- Supreme Court of the United States

Argued November 30, 2016 Reargued October 3, 2017 Decided February 27, 2018
- Full case name: David Jennings et al. v. Alejandro Rodriguez et al.
- Docket no.: 15-1204
- Citations: 583 U.S. 281 (more) 138 S. Ct. 830; 200 L. Ed. 2d 122

Case history
- Prior: Rodriguez v. Robbins, 804 F.3d 1060 (9th Cir. 2015); cert. granted, 136 S. Ct. 2489 (2016).

Holding
- Detained immigrants do not have a statutory right to periodic bond hearings.

Court membership
- Chief Justice John Roberts Associate Justices Anthony Kennedy · Clarence Thomas Ruth Bader Ginsburg · Stephen Breyer Samuel Alito · Sonia Sotomayor Elena Kagan · Neil Gorsuch

Case opinions
- Majority: Alito, joined by Roberts, Kennedy; Thomas, Gorsuch (all but Part II); Sotomayor (Part III–C)
- Concurrence: Thomas (in part), joined by Gorsuch (except footnote 6)
- Dissent: Breyer, joined by Ginsburg, Sotomayor
- Kagan took no part in the consideration or decision of the case.

= Jennings v. Rodriguez =

Jennings v. Rodriguez, 583 U.S. 281 (2018), is a United States Supreme Court case in which the Court held that detained immigrants do not have a statutory right to periodic bond hearings.

The case was brought about by Mexican citizen and lawful U.S. permanent resident Alex Rodriguez. After a 2004 incident, he was detained on the grounds of 8 U.S.C. 1226, which states that under a warrant by the Attorney General immigrants may be arrested and detained while their case status is decided. Rodriguez challenged this justification in 2007 through habeas corpus, claiming immigrants had the right to a bond hearing without "prolonged" detention according to 8 U.S.C. 1225. The United States Court of Appeals for the Ninth Circuit affirmed his entry deciding detained immigrants had the right to a periodic hearing if one had not already been held after 6 months.
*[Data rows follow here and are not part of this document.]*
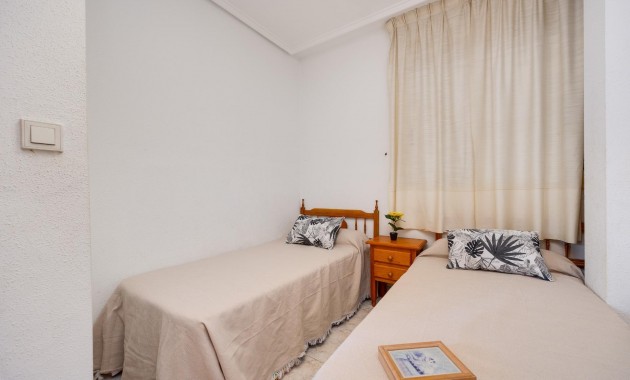 Sale - Apartment / flat -
Torrevieja - Estacion de autobuses
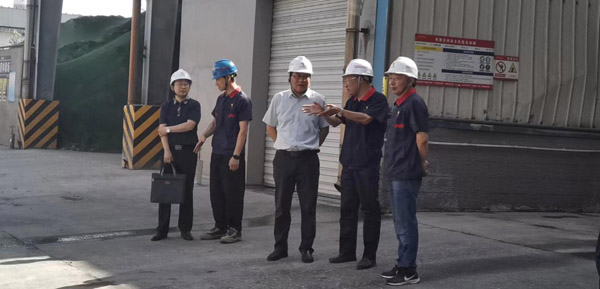 集團(tuán)公司黨委委員、股份公司黨委書記、總經(jīng)理蔣培進(jìn)到建材公司調(diào)...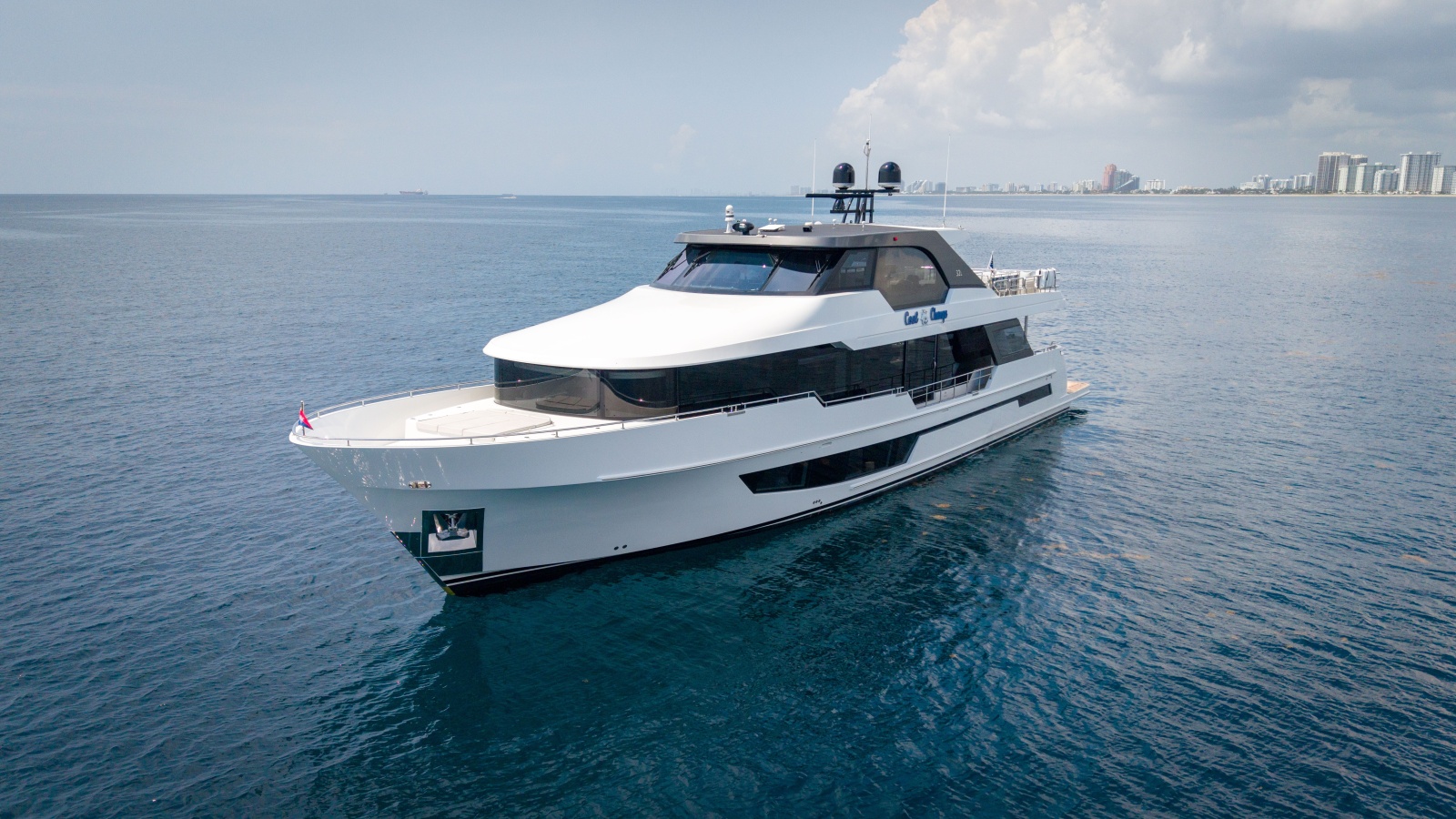 2025 Ocean Alexander 32L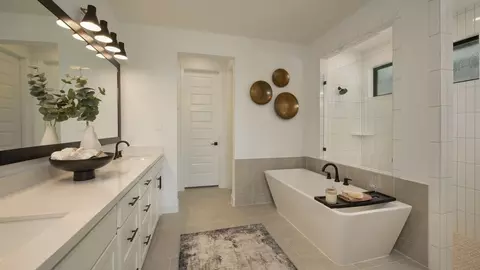 Bath - 324 Melody Rd, Lockhart, TX 78644 photo 5 of 6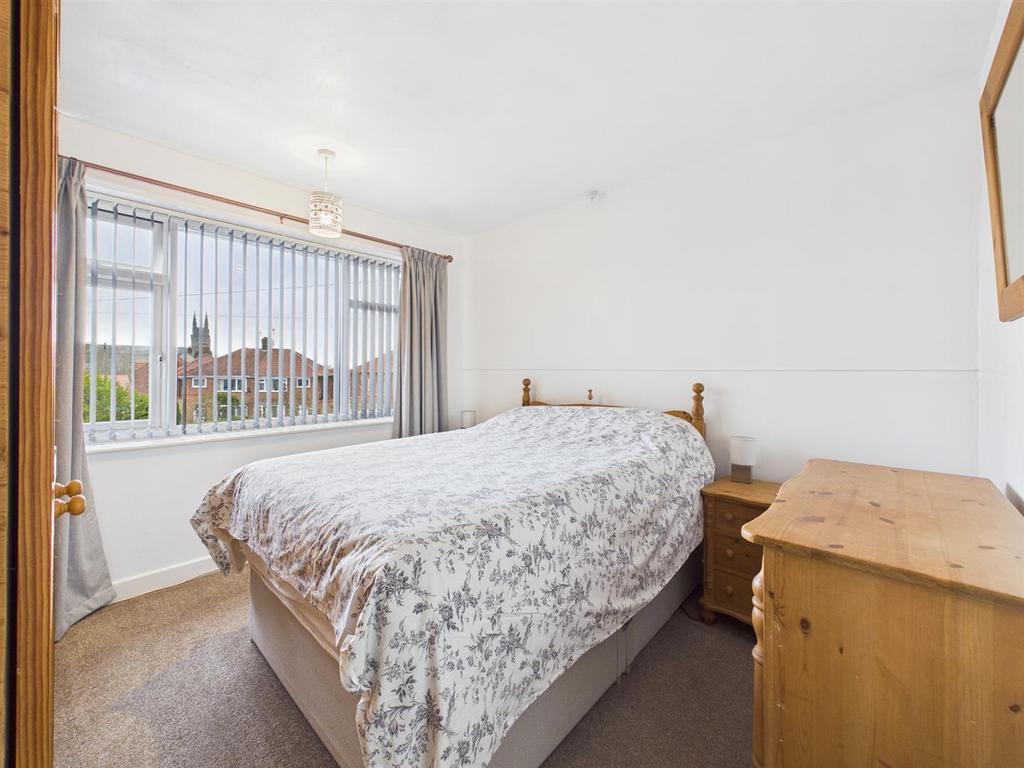 Bedroom: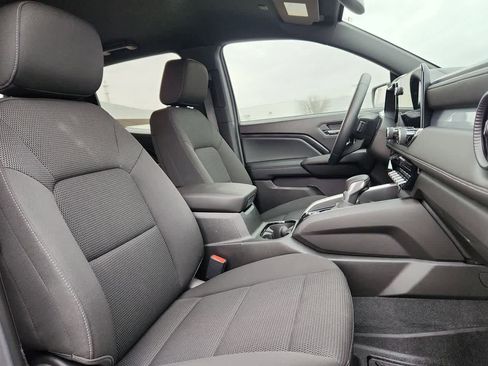 Used 2025 Chevrolet Colorado LT w/ Advanced Trailering Package image 18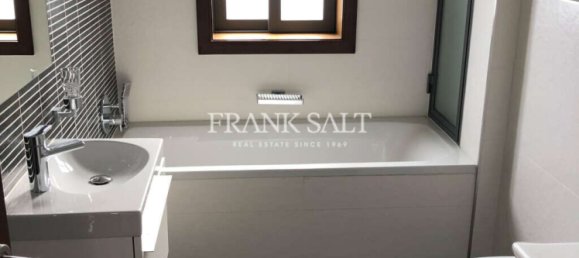 Apartamento T3 em Swieqi, Malta N.º 4127 16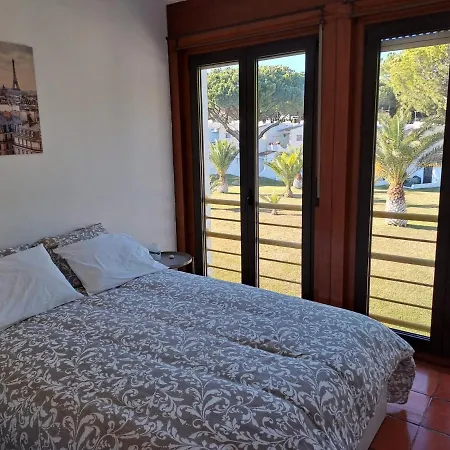 Spacious 3 Bedroom In Aldeia Das Acoteias, Albufeira * Olhos de Agua (Albufeira)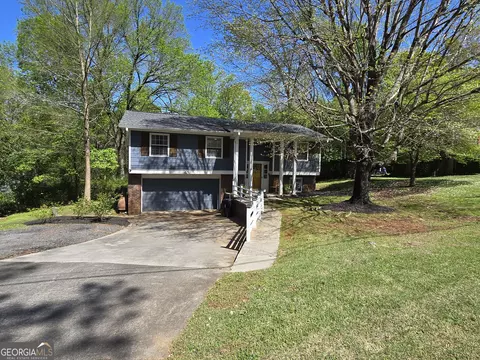 35 View Dr SE, Rome, GA 30161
The Court of Appeal's decision was reversed by the Supreme Court in a plurality opinion after granting a writ of certiorari in June 2016. Justice Samuel Alito wrote for the majority and concluded that no provision of 8 U.S.C. 1225 limits length of detention to six months, or suggests length of detention should be a factor when deciding on release of a detained immigrant.